Assigned task:
Produce a word-for-word copy of the data that follows, excluding images.

[[ Records for this task open ]]

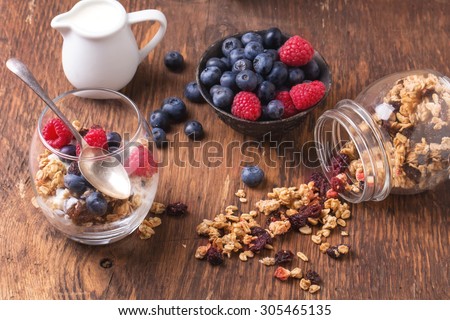 Home Made Granola breakfast with white plain yogurt, blueberries, raspberries and dry cherries on rustic wooden background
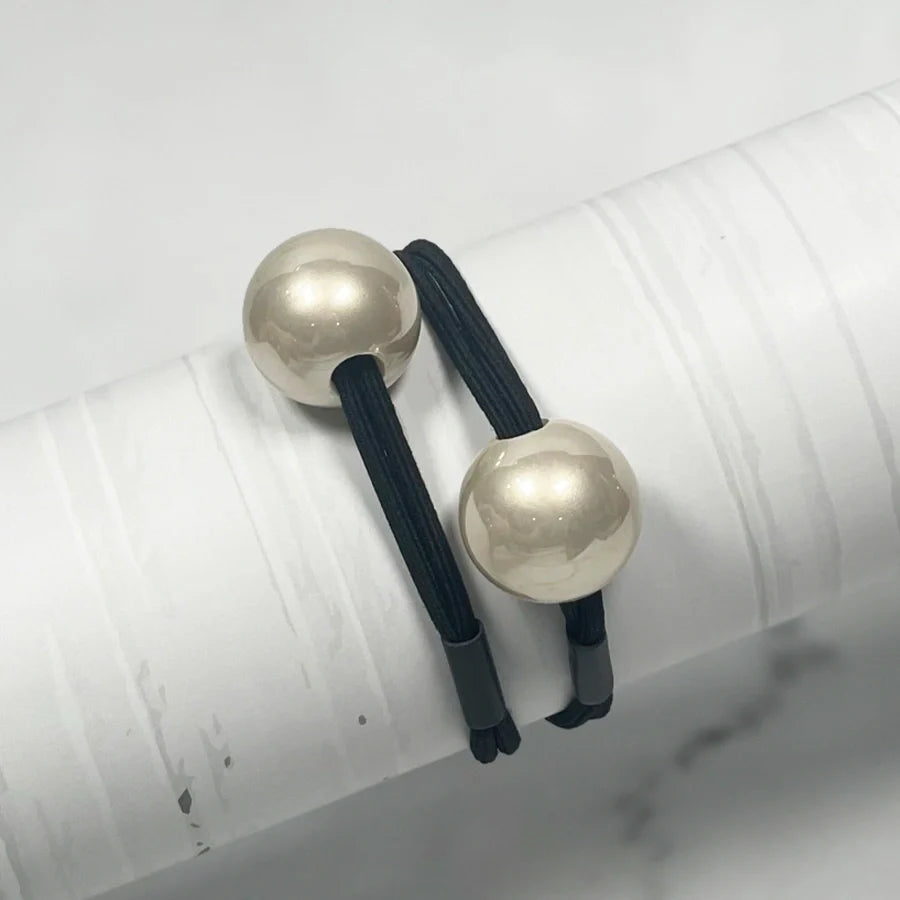 Black elastic hair ties with large white pearl bead hair ties for stylish hair accessories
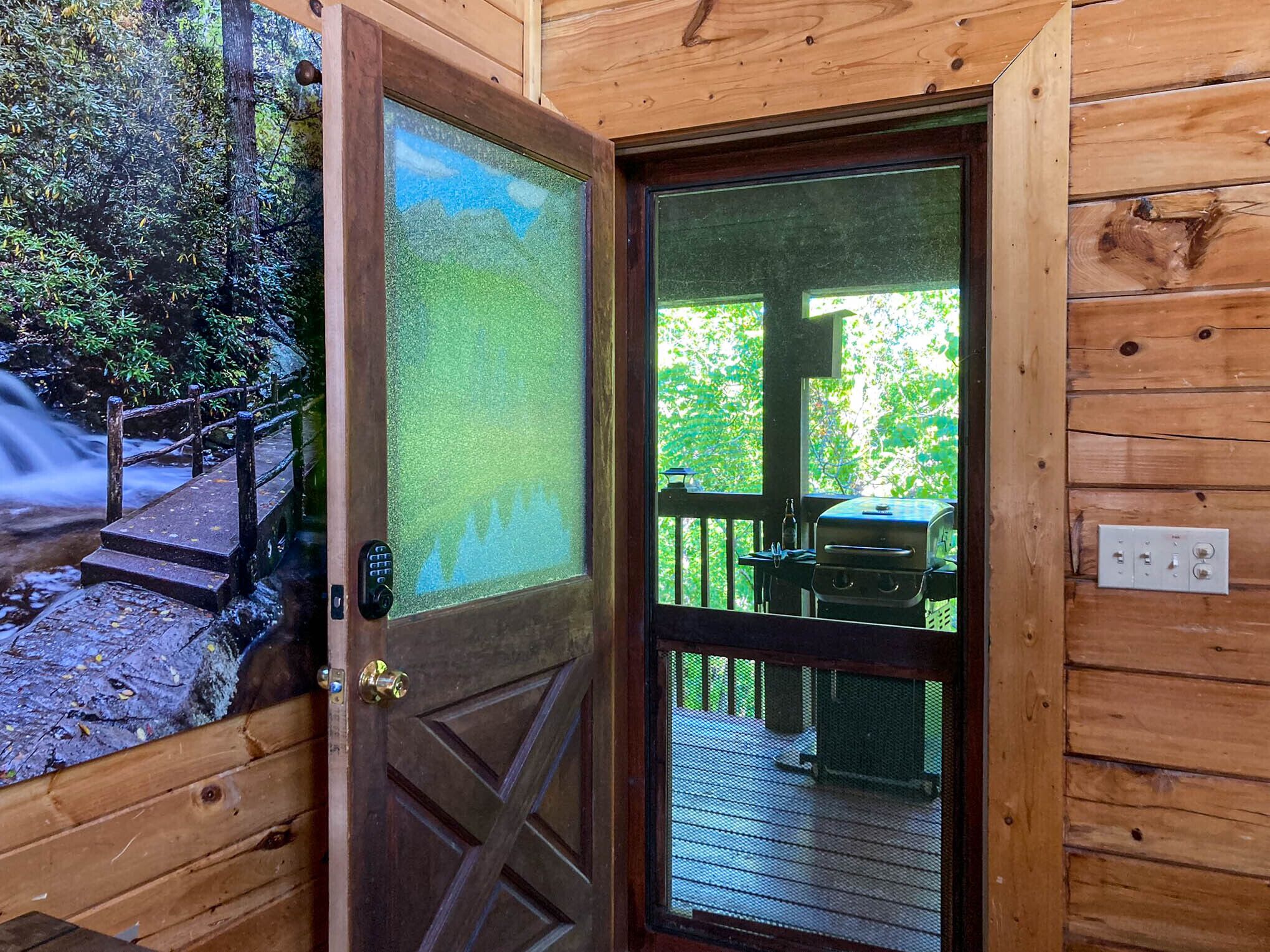 A wooden cabin entrance with a glass door, a wooden deck, and a grill outside.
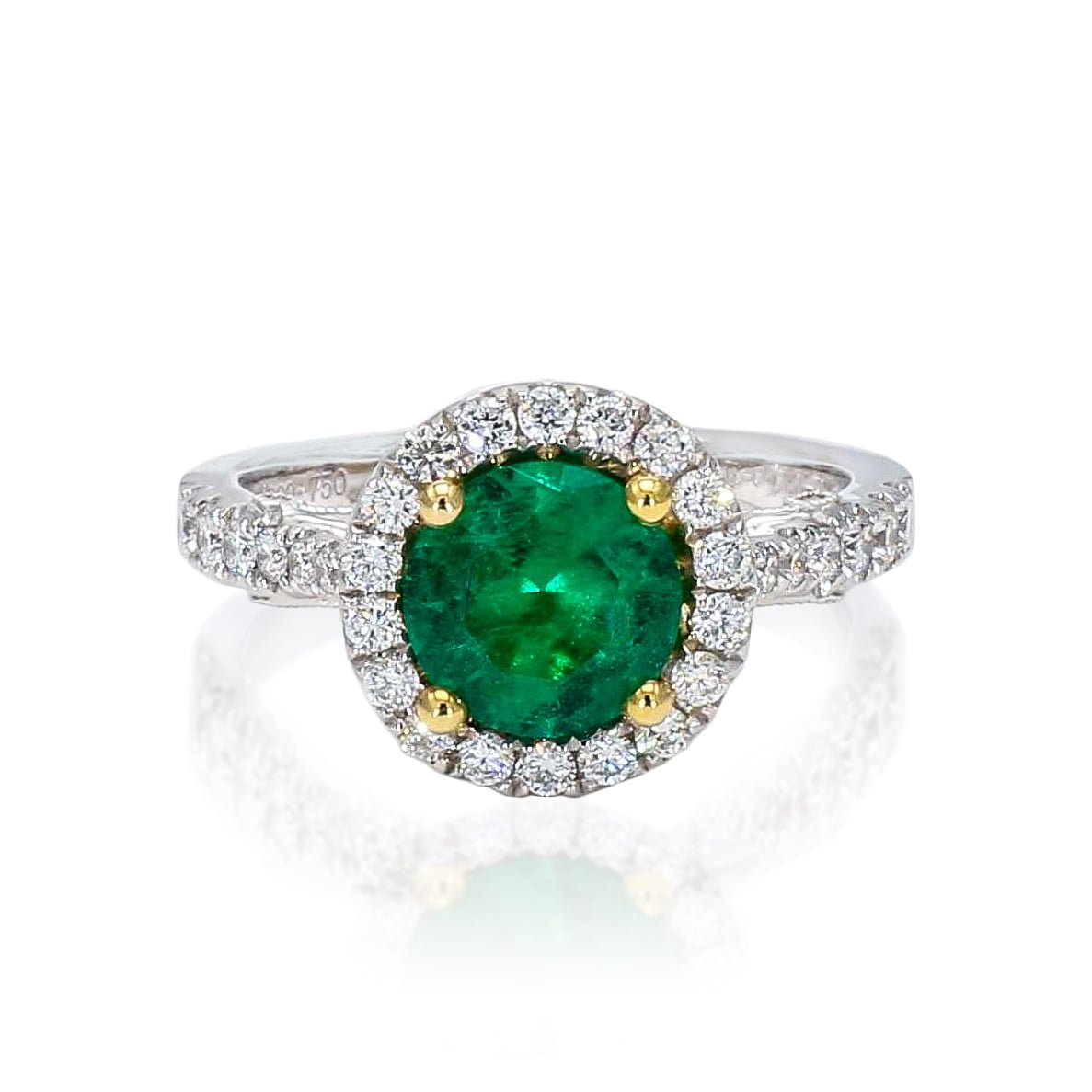 round emerald and diamond ring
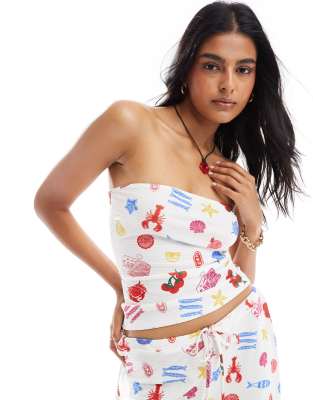 ASOS DESIGN - Strukturiertes, schulterfreies Oberteil mit sommerlichem Speise-Motiv, Kombiteil-Bunt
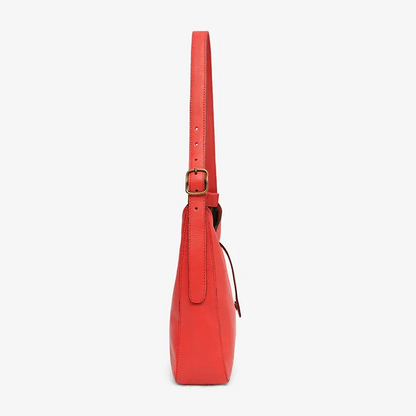 Red leather shoulder bag with a strap on a white background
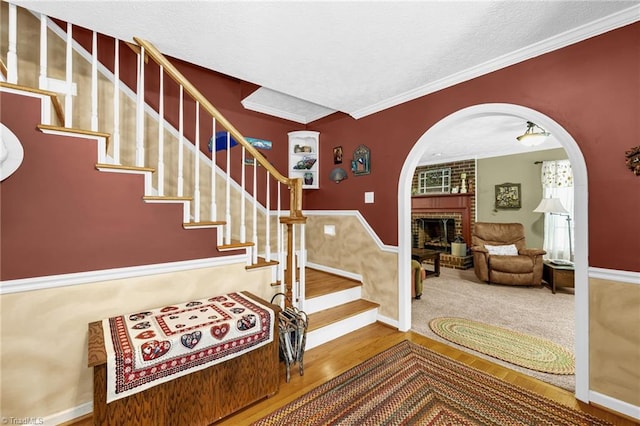 4717 Deaton Rd, Trinity, NC 27370 - stairway with arched walkways, wood finished floors, a brick fireplace, ornamental molding, and a wainscoted wall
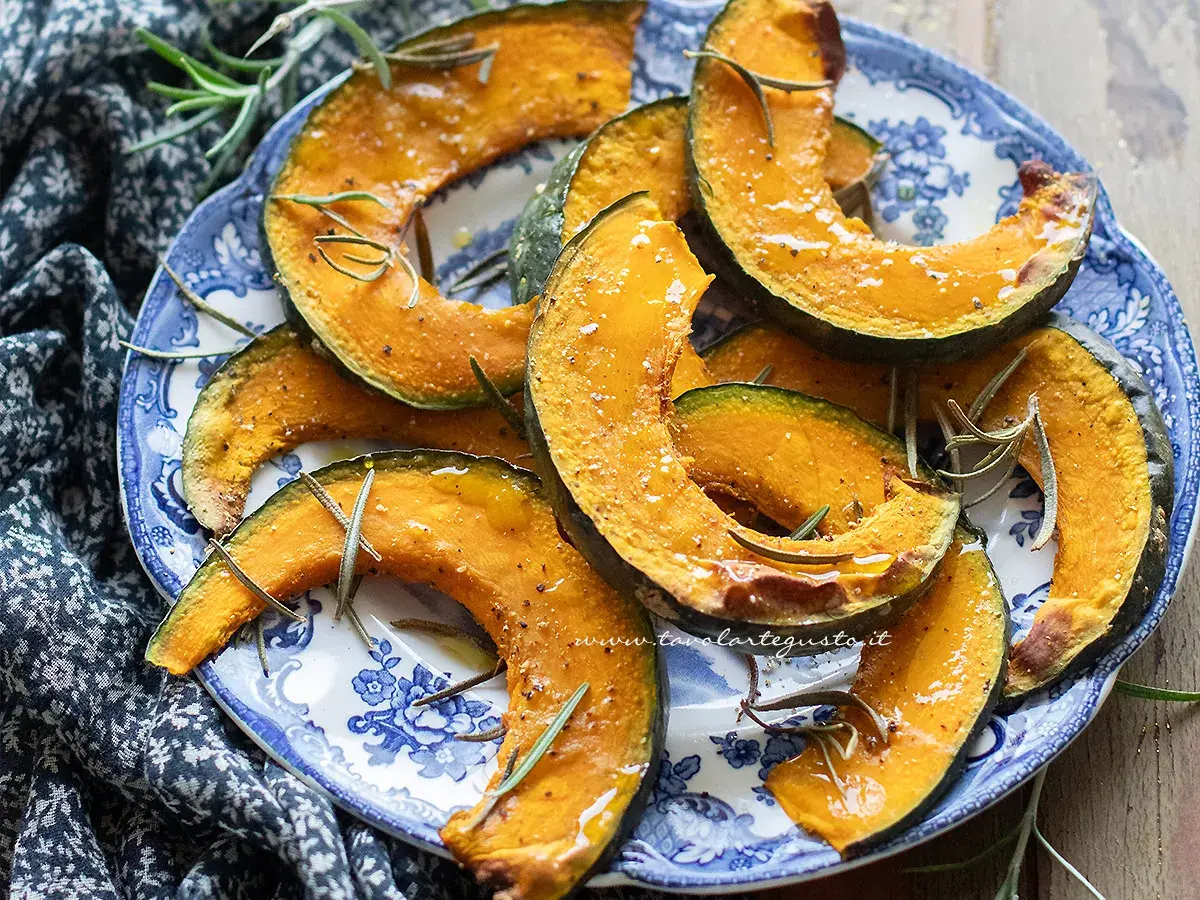Fette di zucca in friggitrice ad aria, dorate e profumate al rosmarino, servite su un piatto blu e bianco.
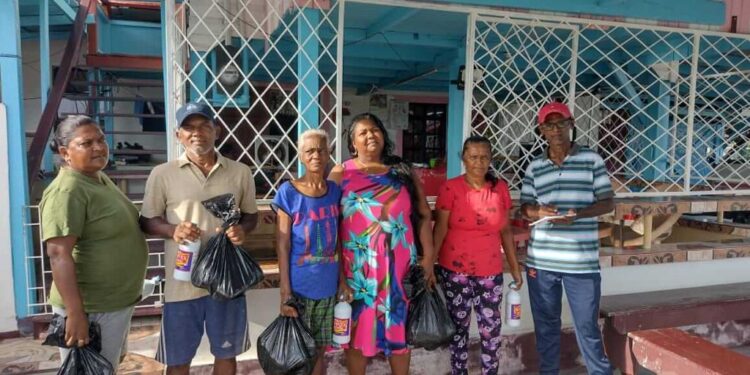 CDC distributes cleaning supplies to flood-affected residents.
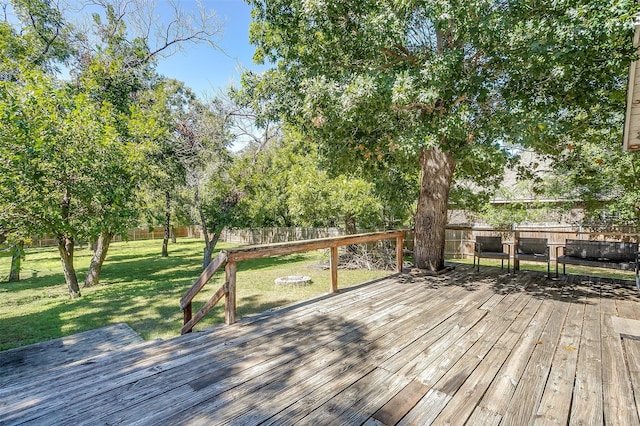 wooden terrace with a yard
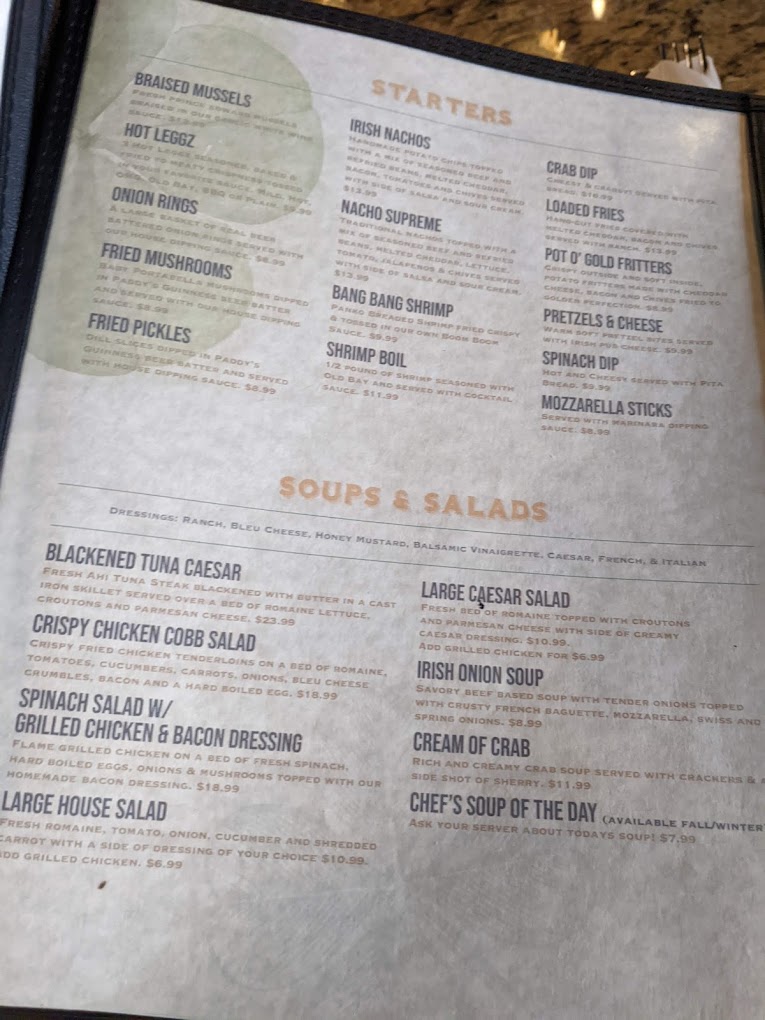 A close-up overhead view of a restaurant menu displayed in a frame, showing organized sections for soups, salads, and other dishes with cream and beige tones.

[[ Records for this task closed ]]

Answer to this task:
 Home Made Granola breakfast with white plain yogurt, blueberries, raspberries and dry cherries on rustic wooden background
 Black elastic hair ties with large white pearl bead hair ties for stylish hair accessories
 A wooden cabin entrance with a glass door, a wooden deck, and a grill outside.
 round emerald and diamond ring
 ASOS DESIGN - Strukturiertes, schulterfreies Oberteil mit sommerlichem Speise-Motiv, Kombiteil-Bunt
 Red leather shoulder bag with a strap on a white background
 4717 Deaton Rd, Trinity, NC 27370 - stairway with arched walkways, wood finished floors, a brick fireplace, ornamental molding, and a wainscoted wall
Fette di zucca in friggitrice ad aria, dorate e profumate al rosmarino, servite su un piatto blu e bianco.
 CDC distributes cleaning supplies to flood-affected residents.
 wooden terrace with a yard
 A close-up overhead view of a restaurant menu displayed in a frame, showing organized sections for soups, salads, and other dishes with cream and beige tones.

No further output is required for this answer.